No, leave the Samson level for now and set the measurement level at -12dB..........

brucek


----------



## jagman (Jul 8, 2006)

Will do. 

First I'll check the JAVA software and update as necessary. Then I'll adjust my system's settings... the measurement level will be set to -12dB, the Samson gain will be left at 100%, and the integrated's volume will be adjusted to get the SPL reading to register ~75dB. All the while I'll keep close tabs on the RMS and Peak readings in REW. As long as the RMS stays at ~18dB, then I'll proceed.


----------



## jagman (Jul 8, 2006)

I must have **** luck. Java is up to date so I re-set the meaurement level. When set at -12dB and the integrated's volume was at 20 the SPL meter registered 72dB, so I dropped the measurement level to -10cB and that resulted in the SPL meter flickering between 74 and 75dB. Good enough. Since I can't finish setting the input volume, I left it as is since everything made sense. So, I calibrated the SPL reading without a hitch. Then I tried to calibrate the sound card. Since the stereo cables plugged into the LINE_IN and LINE_OUT jacks have left and right RCA's, I connect the LINE_IN left to the LINE_OUT left and the LINE_IN right to the LINE_OUT right to create the loop. I then clicked "Measure Coundcard Response...", kept the level at -6.0dB, clicked "Continue" and nothing happened. No measurement came about. The REW software looks like I never pressed "Measure Coundcard Response..." in the first place. Is this normal? Maybe I should just download REW again.


----------



## jagman (Jul 8, 2006)

I decided to play around and started pressing buttons. Low and behold I hit "automatic measurement" and sure enough, it measured the soundcard response. If that was in fact the right thing to do, it would probably be a good idea to have that mentioned in the Help File. So, I got my Soundcard measurement, except "Actual RMS at 1kHz" was not measured and neither were the 2nd or 3rd Harmonics at 1kHz. OK. I continued on anyways, clicked "Left", unselected "Compensate for C Weighting", hit "Automatic Measurement" and sure enough I got a nice flat line. Beautiful, except it's flat at 81.5dB and not 75dB. Is it supposed to be this way or am I just doomed? Is the program set up properly to start taking measurements of my system? Hopefully I'll be able to do that this weekend.

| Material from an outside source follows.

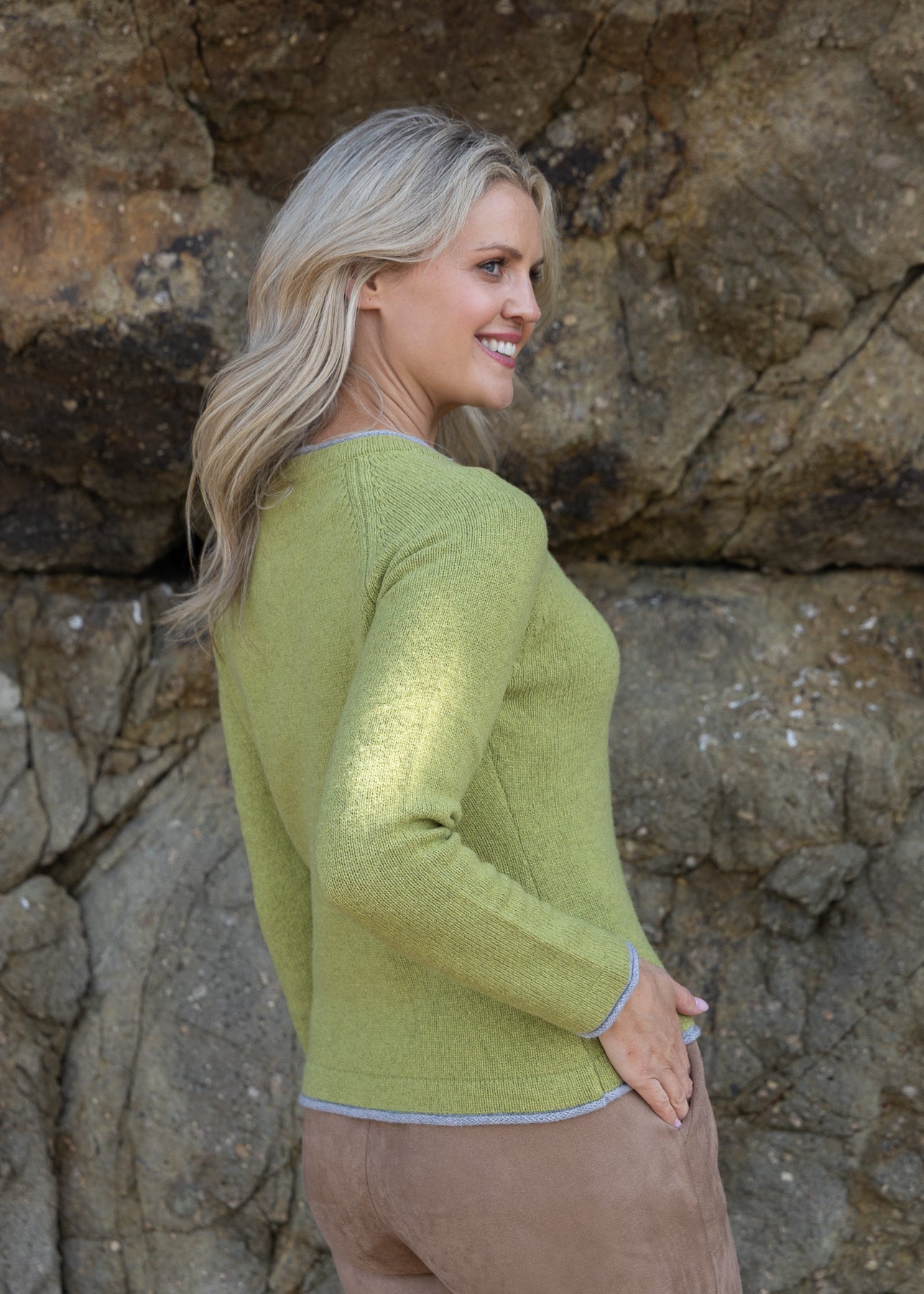 Woman wearing a green sweater standing against a rocky background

I've had enough for one night. Time for bed. Sorry for the hand holding but please tell me if I'm doing this properly or not. I'm very greatful for the help, yet at the same time it's hard to figure things out when the advice I get doesn't happen when I'm actually playing with the program. Sorry for the rant. I just want to get this program running so I can get great sound out of the sub.


----------



## brucek (Apr 11, 2006)

> I connect the LINE_IN left to the LINE_OUT left and the LINE_IN right to the LINE_OUT right to create the loop.


No, you only make a single loopback connection. If you are going to use the right channel for measurements, then you remove the connections to the SPL meter and receiver and short the LINE_OUT right to LINE_IN right. The other left channel *always* remains unused... Use the right channel only. The loopback is only used to do the soundcard test and to create a soundcard calibration file, then the loopback is removed and your regular cabling put back in place.



> When set at -12dB and the integrated's volume was at 20 the SPL meter registered 72dB, so I dropped the measurement level to -10cB and that resulted in the SPL meter flickering between 74 and 75dB. Good enough


It would have been better to leave the level at -12dB and simply turn up the volume of your receiver. The actual volume setting of the receiver makes no difference. It can be -20dB or -5dB or whatever. You're simply attempting to create the correct input and output conditions of REW so it can accurately measure your response and recommend BFD filters.



> Since I can't finish setting the input volume, I left it as is since everything made sense.


As long as you feel the input VU meter looked like it was responding with some signal and wasn't in the red. If you think the input volume is a bit low you can simply click the little thumbwheel and turn it up a bit. You want the input VU meter to be in the yellow when it's perfect. Since you can't use the automatic input volume setup, simply play some pink noise with REW after you've 'set the measurement level' and see where the input VU meter is responding. If it's low, turn it up.



> The REW software looks like I never pressed "Measure Coundcard Response..." in the first place. Is this normal? Maybe I should just download REW again.


It should just work when you press the button.



> I continued on anyways, clicked "Left", unselected "Compensate for C Weighting", hit "Automatic Measurement" and sure enough I got a nice flat line. Beautiful, except it's flat at 81.5dB and not 75dB. Is it supposed to be this way or am I just doomed? Is the program set up properly to start taking measurements of my system?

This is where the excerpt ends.